---------- MATERIAL FOR THIS EXERCISE

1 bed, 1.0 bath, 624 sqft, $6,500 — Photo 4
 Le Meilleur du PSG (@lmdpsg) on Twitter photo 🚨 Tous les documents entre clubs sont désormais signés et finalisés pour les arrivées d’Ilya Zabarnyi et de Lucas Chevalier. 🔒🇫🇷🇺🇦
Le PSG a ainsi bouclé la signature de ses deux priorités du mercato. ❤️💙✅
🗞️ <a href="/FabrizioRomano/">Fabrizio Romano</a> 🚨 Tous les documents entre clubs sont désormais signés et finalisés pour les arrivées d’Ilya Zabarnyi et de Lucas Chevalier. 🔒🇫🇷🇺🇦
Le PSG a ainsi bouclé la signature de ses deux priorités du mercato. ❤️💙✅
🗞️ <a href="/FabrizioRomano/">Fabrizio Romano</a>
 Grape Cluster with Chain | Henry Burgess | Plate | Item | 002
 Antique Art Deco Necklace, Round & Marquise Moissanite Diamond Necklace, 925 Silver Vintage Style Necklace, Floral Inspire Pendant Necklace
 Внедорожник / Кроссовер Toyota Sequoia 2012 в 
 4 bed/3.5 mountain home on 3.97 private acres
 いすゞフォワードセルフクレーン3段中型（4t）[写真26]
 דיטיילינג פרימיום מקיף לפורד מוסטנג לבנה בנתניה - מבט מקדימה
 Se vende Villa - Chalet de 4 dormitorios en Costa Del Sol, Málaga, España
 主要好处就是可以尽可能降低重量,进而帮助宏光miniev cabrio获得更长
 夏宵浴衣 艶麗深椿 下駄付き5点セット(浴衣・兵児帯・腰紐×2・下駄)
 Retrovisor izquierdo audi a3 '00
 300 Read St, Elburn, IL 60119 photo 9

--------------------

▶ TASK DETAILS:
Please copy the line holding "Se vende Villa" and all lines after it to the end of the records, exactly, and nothing else.

▶ COMPLETED TASK:
 Se vende Villa - Chalet de 4 dormitorios en Costa Del Sol, Málaga, España
 主要好处就是可以尽可能降低重量,进而帮助宏光miniev cabrio获得更长
 夏宵浴衣 艶麗深椿 下駄付き5点セット(浴衣・兵児帯・腰紐×2・下駄)
 Retrovisor izquierdo audi a3 '00
 300 Read St, Elburn, IL 60119 photo 9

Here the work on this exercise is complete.